▶ _EXERCISE_: List the lines of this listing that hold the word "with".

▶ _INPUT FOR THIS TASK_:
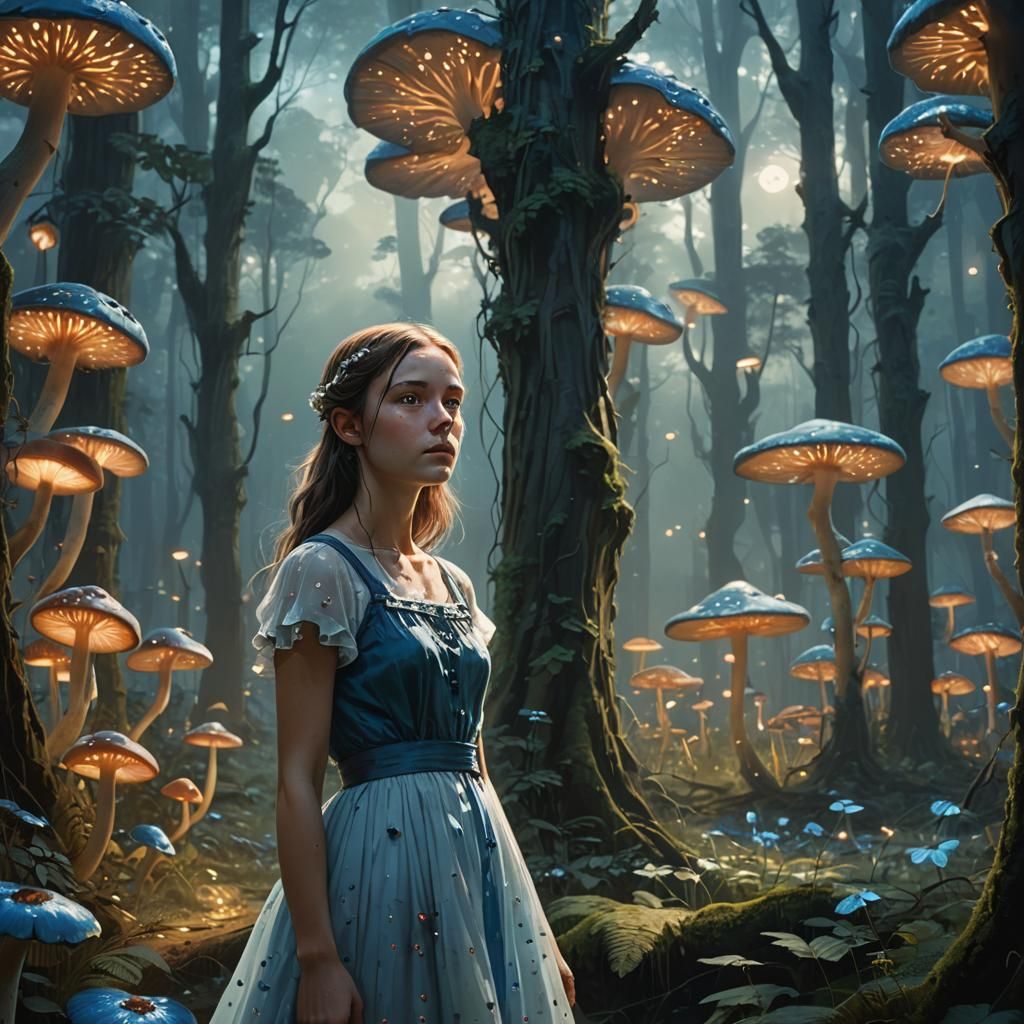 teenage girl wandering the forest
==
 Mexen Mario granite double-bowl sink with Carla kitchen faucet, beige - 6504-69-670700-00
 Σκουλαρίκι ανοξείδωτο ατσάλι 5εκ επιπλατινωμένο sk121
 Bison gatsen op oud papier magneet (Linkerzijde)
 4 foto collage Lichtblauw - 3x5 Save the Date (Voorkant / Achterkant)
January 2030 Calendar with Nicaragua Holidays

▶ _RESPONSE_:
 Mexen Mario granite double-bowl sink with Carla kitchen faucet, beige - 6504-69-670700-00
January 2030 Calendar with Nicaragua Holidays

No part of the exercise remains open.